Reproduce verbatim the lines of the material below, starting at the line with "Premium White Chunk" and ending at the line with "BeamZ Professional P30", both inclusive; skip the rest.
*** INPUT Section Begins ***
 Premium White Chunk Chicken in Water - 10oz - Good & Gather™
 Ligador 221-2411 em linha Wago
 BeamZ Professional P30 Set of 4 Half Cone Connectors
*** INPUT Section Ends ***
*** INPUT Section Begins ***
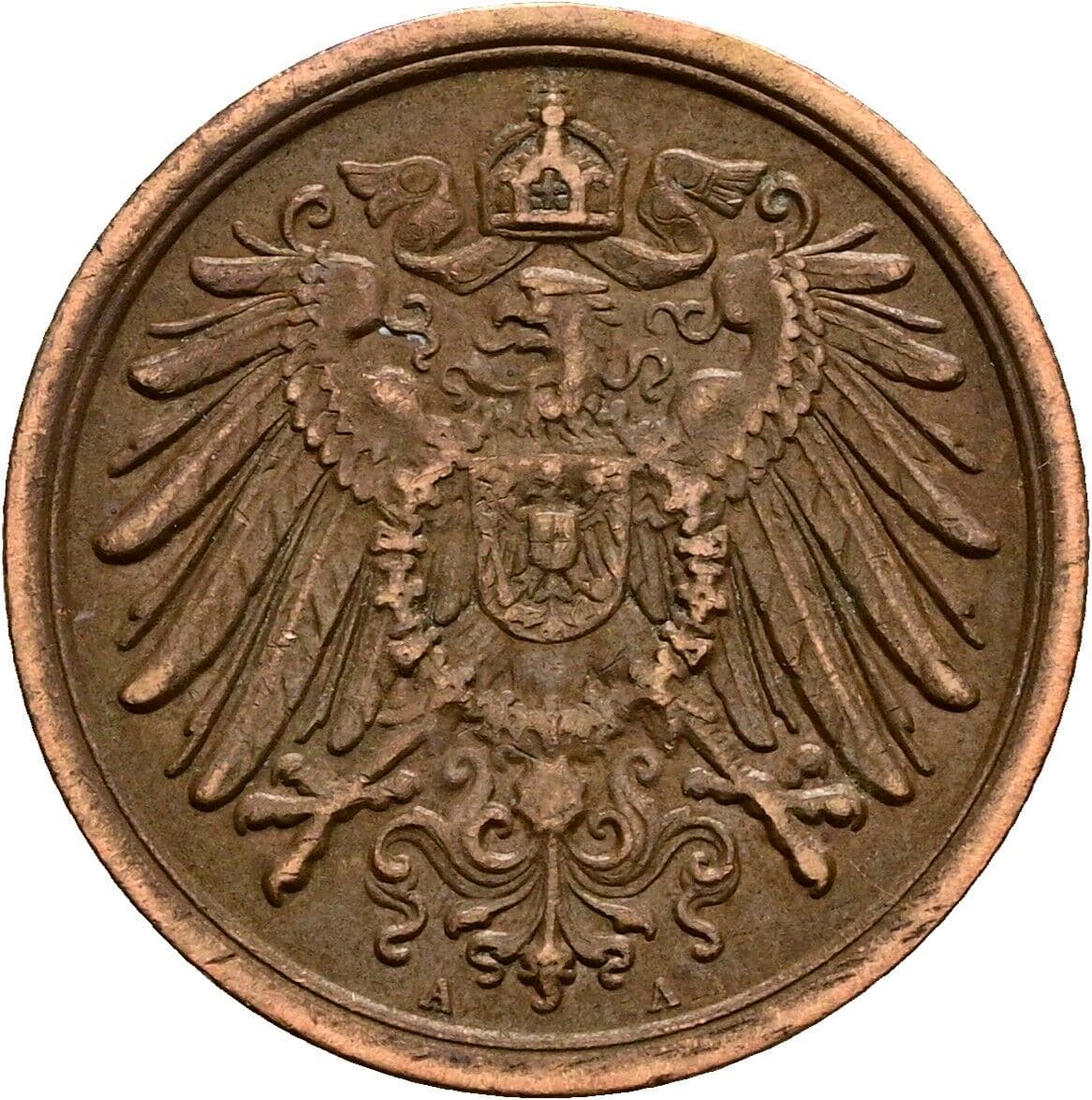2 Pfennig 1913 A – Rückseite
*** INPUT Section Ends ***
[SOLUTION TO THIS TASK]
 Premium White Chunk Chicken in Water - 10oz - Good & Gather™
 Ligador 221-2411 em linha Wago
 BeamZ Professional P30 Set of 4 Half Cone Connectors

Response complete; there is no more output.